Non vola tanto spesso, questo uccello, ma quando finalmente si decide… L’american woodcock, o scolopax minor, è un abitante dei boschi dal peso di 230 g al massimo, con il becco a punta e gli occhi tondi e neri, stranamente arretrati sulla testa. Cresce presto. Mangia vermi. Si mimetizza. E quando arriva la tardiva primavera, negli stati nevosi in cui è solito abitare, la saluta per il tramite di uno speciale rituale. La danza e il canto di un amore senza fine, espresso in quel linguaggio universale che si può tradurre in gesti, suoni e sentimenti. Memorabile è il suo modus, degno di entertainer consumati, con le penne ben rodate da milioni d’anni di evoluzione. Verso sera e verso sud, dondolandosi tra i bassi cespugli dove ha costruito la sua casa, l’uccello raggiunge i margini della vegetazione. Emerge dagli alberi natii, da quel tiepido rigoglio, stando bene attento che non sia presente un predatore. Quindi, trovata una radura, un pascolo, uno spiazzo qualunque, subito si mette a gorgheggiare. Con il caratteristico piglio onomatopeico della lingua inglese, esiste un verbo apposito che definisce pienamente il verso di questa beccaccia: (to) peent. Peent, peent, peent (ripetere ad oltranza) Poetando in tale modo il suo entusiasmo, il maschio inizia a passeggiare in circolo, guardando bene intorno, nella speranza di scorgere la sua compagna. Lo fa per una, due, tre serate. Finché, d’un tratto eccola lì. La gallina (hen) splendida della foresta, decisamente più imponente del suo principe marrone. Lui incrocia il suo sguardo per un attimo, stringe il becco e dispiega le potenti, tozze ali. Tempo di far festa.

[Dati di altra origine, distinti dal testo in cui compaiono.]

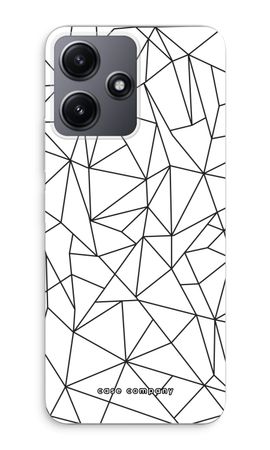 Geometric lines black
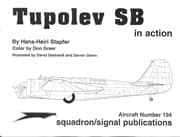 Tapa de Tupolev SB in action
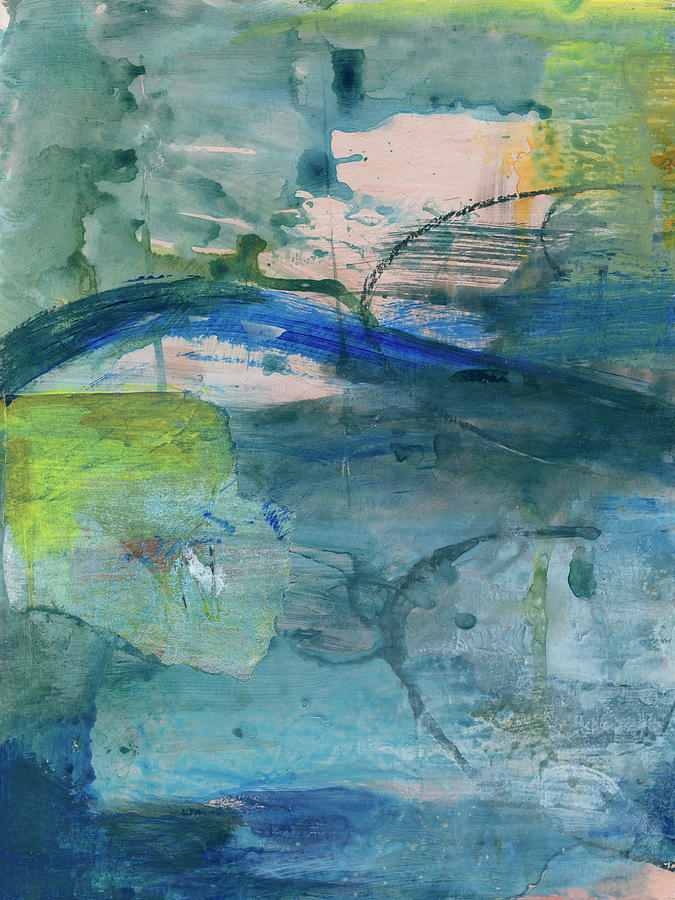Spring Winds Viii Painting by Joyce Combs - Fine Art America
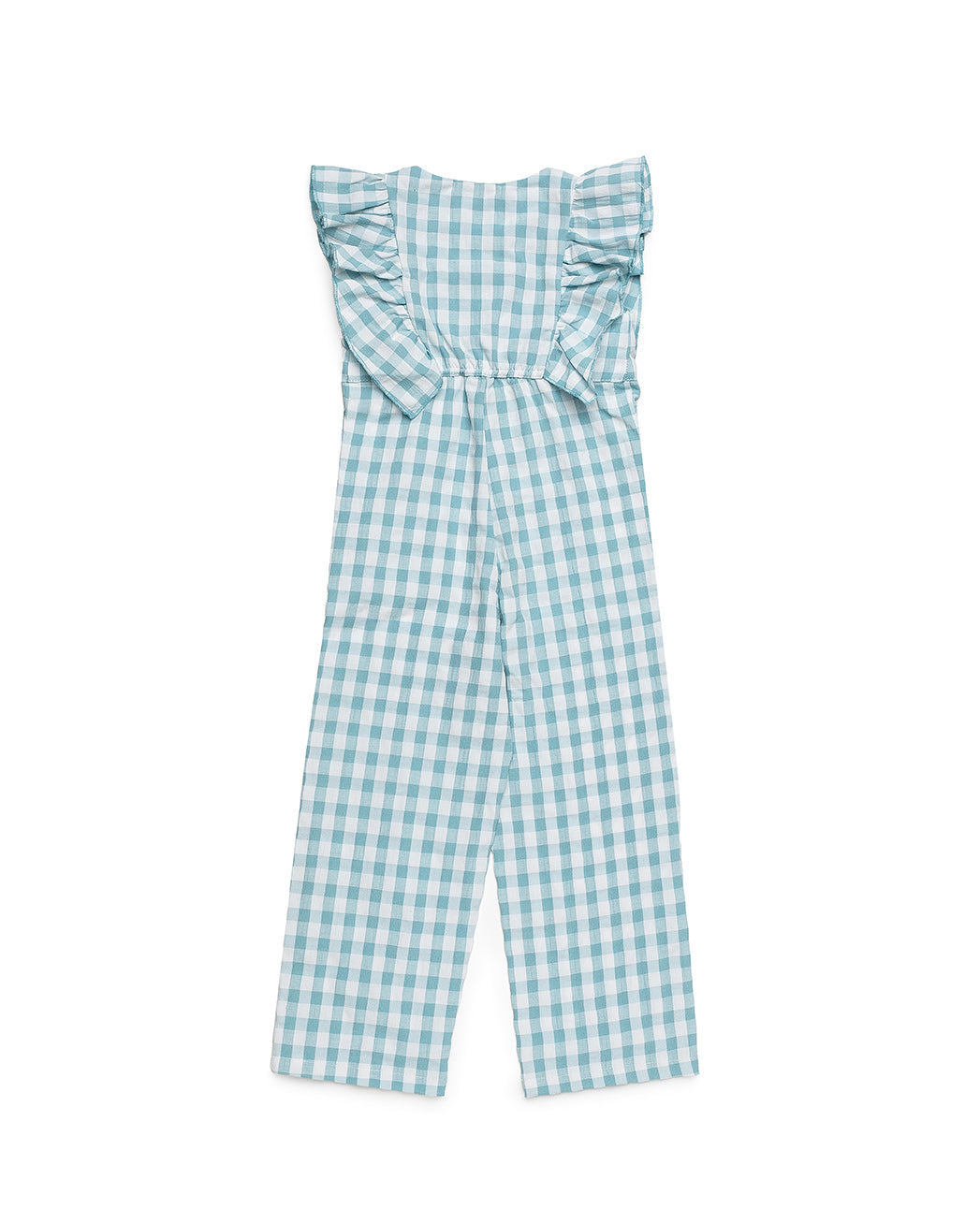 GINGHAM JUMPSUIT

Lo scolopax può tenersi in aria ad una velocità di soli 8 Km/h, un record all’incontrario, tra i suoi simili pennuti. Fa tutto parte dello show. Il culmine operativo dello spettacolo aereo, ad ogni modo, ricorda un po’ l’attacco dello Stuka, il bombardiere tedesco che fischiava in picchiata per gettare nel panico il nemico. Come quest’ultimo, l’uccello vola in modo erratico e scomposto, benché non abbia il fine di dissuadere la contraerea. Si alza a 100 metri di altitudine, continuando il suo *peentare* finché a tale suono non si aggiunge un nuovo accordo; è un sibilo, il fischio del finale. Lo produce sempre lui, con le penne esterne delle ali.
In una folle discesa, valido contrappunto del suo vagheggiare precedente, si arresta in una parabola elegante, tra l’erba lievemente mossa dal vento. Nel silenzio ritornato della sera, lui ritrova la sua lei.